Les économistes de la Maison-Blanche ont constaté que l’interdiction du yield on stablecoins ferait peu pour stimuler le crédit bancaire — ajoutant environ 2,1 milliards de dollars, soit 0,02 %, à un marché des prêts de 12 000 milliards de dollars — tout en coûtant aux détenteurs quelque 800 millions de dollars par an en perte de bien‑être.
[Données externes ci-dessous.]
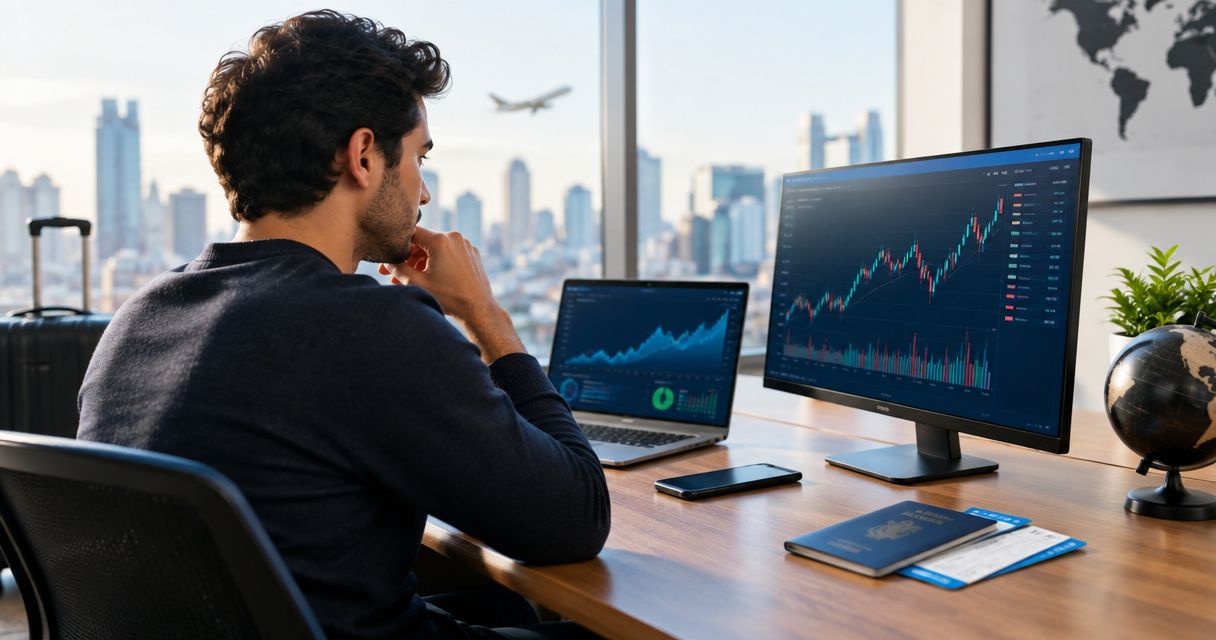 Best prop trading firms that sponsor visas for international candidates in 2026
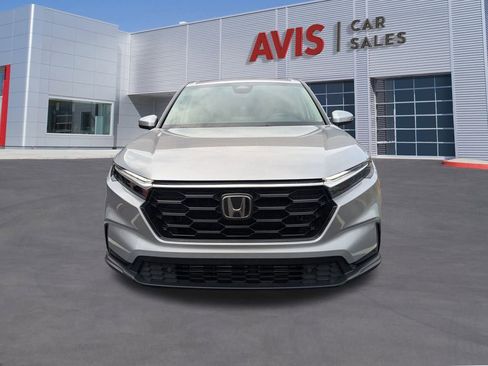 Used 2025 Honda CR-V EX-L image 2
Impact d’une interdiction du rendement sur les stablecoins
Le rapport du Council of Economic Advisers, l’organe consultatif de trois membres au sein de l’Executive Office of the President, a examiné ce qui se passerait si les fonds actuellement détenus en stablecoins retournaient vers les dépôts bancaires.
La conclusion est sans détour : les gains en matière de prêts seraient négligeables.
Dans le scénario de base, le volume total de prêts bancaires augmenterait d’environ 2,1 milliards de dollars. Les banques communautaires verraient encore moins — environ 500 millions de dollars de prêts supplémentaires, soit près de 0,026 %.
Ces conclusions interviennent au milieu d’un conflit persistant entre le secteur bancaire et le secteur crypto. Des groupes comme l’Independent Community Bankers of America soutiennent que les rendements sur les stablecoins menacent d’assécher les dépôts. Les défenseurs de l’industrie crypto rejettent ces avertissements.
Le rapport met en avant un ratio coûts‑avantages saisissant.
À 6,6, les coûts économiques d’une interdiction dépasseraient de très loin tout bénéfice en matière de prêts, concluent les économistes. « Obtenir des effets sur le crédit de l’ordre de centaines de milliards suppose simultanément que la part des stablecoins soit multipliée par six, que toutes les réserves soient transférées vers des dépôts ségrégués et que la Réserve fédérale abandonne son cadre de réserves abondantes », indique le rapport.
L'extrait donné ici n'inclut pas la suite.